START Data segment

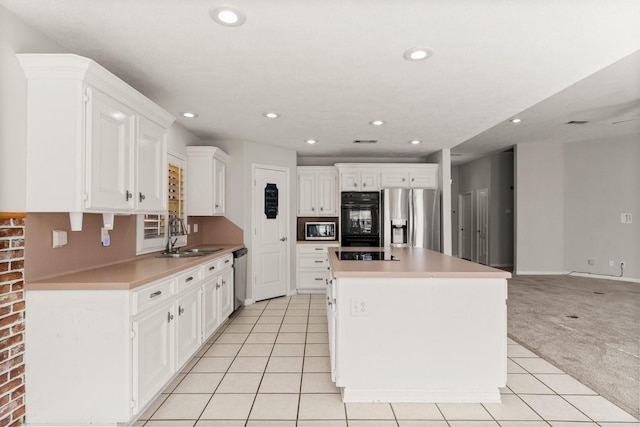 kitchen featuring white cabinetry, stainless steel appliances, a sink, and light countertops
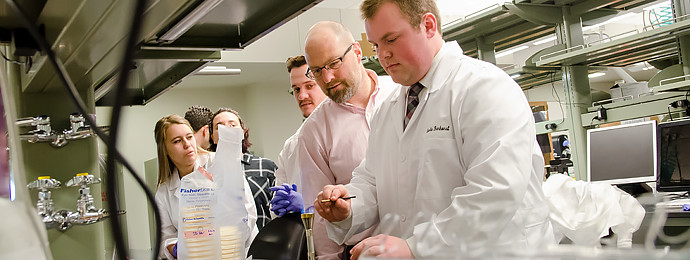 Students and faculty in lab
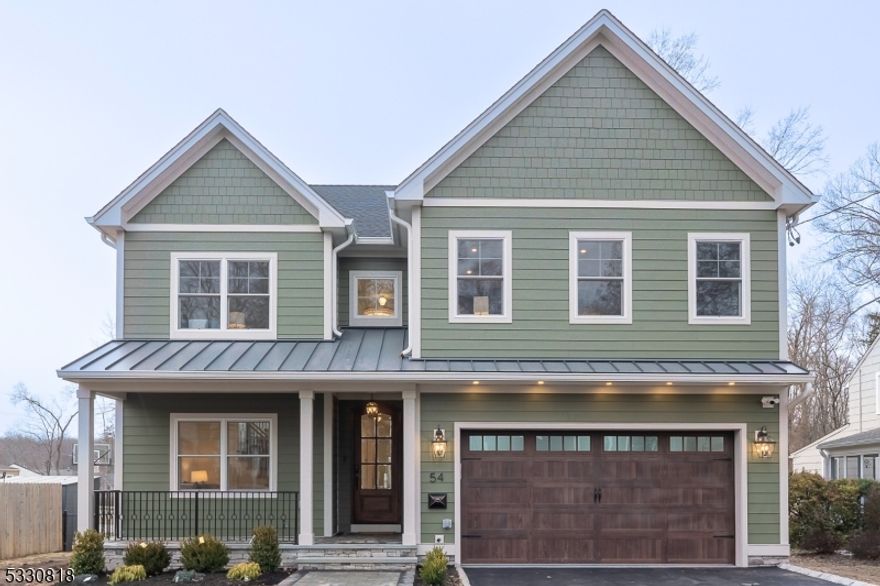 Designer styled & impeccably curated, this spectacular newly constructed 4700 sq ft Colonial is the epitome of modern living. No detail has been missed in this quality-built home, completed by the reputable Lefko Brothers, Family Builders. From the moment you enter, you will be captivated by the open & sundrenched floorplan complemented by the outstanding architectural features throughout, including 9' ceilings, custom millwork & much more!  Beveled glass wood front door leads you to the double entry foyer welcoming you to the Living Rm w/ large front windows. Gracious Dining Rm flows to the stunning Kitchen accenting wood cabinets w/ underlighting, Callacata Rolex stone counters, GE Cafe white appliances & huge center island. The adjoining Family Rm highlights include a gas fireplace, flanked by custom bookcases, entertainment area w/ wine refrigerator & lit cabinets. Convenient access to stone patio & fully fenced, level rear yard. First Fl. Guest Suite w/ full Bath, Powder Rm, Mud Rm & access to 2-car garage complete this level. Upstairs features Primary Suite w/ double WICs & luxurious spa-like Bath, creating the perfect retreat. 3 additional Bedrooms w/ large closets, equipped w/ organizers, full Bath & Laundry Rm. Fully finished Lower level is brimming w/ space & versatility. Recreation Rm w/ wet bar & Electric FP, 6th BR w/ adj. full Bath, Office, & extra Laundry Rm. Award winning schools, convenient commute to NYC by both bus & jitney to nearby Midtown Direct trains.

END Data segment

◆ **Task objective**
Copy the listing word for word, excluding its pictures.

◆ **Task solution**
 kitchen featuring white cabinetry, stainless steel appliances, a sink, and light countertops
 Students and faculty in lab
 Designer styled & impeccably curated, this spectacular newly constructed 4700 sq ft Colonial is the epitome of modern living. No detail has been missed in this quality-built home, completed by the reputable Lefko Brothers, Family Builders. From the moment you enter, you will be captivated by the open & sundrenched floorplan complemented by the outstanding architectural features throughout, including 9' ceilings, custom millwork & much more!  Beveled glass wood front door leads you to the double entry foyer welcoming you to the Living Rm w/ large front windows. Gracious Dining Rm flows to the stunning Kitchen accenting wood cabinets w/ underlighting, Callacata Rolex stone counters, GE Cafe white appliances & huge center island. The adjoining Family Rm highlights include a gas fireplace, flanked by custom bookcases, entertainment area w/ wine refrigerator & lit cabinets. Convenient access to stone patio & fully fenced, level rear yard. First Fl. Guest Suite w/ full Bath, Powder Rm, Mud Rm & access to 2-car garage complete this level. Upstairs features Primary Suite w/ double WICs & luxurious spa-like Bath, creating the perfect retreat. 3 additional Bedrooms w/ large closets, equipped w/ organizers, full Bath & Laundry Rm. Fully finished Lower level is brimming w/ space & versatility. Recreation Rm w/ wet bar & Electric FP, 6th BR w/ adj. full Bath, Office, & extra Laundry Rm. Award winning schools, convenient commute to NYC by both bus & jitney to nearby Midtown Direct trains.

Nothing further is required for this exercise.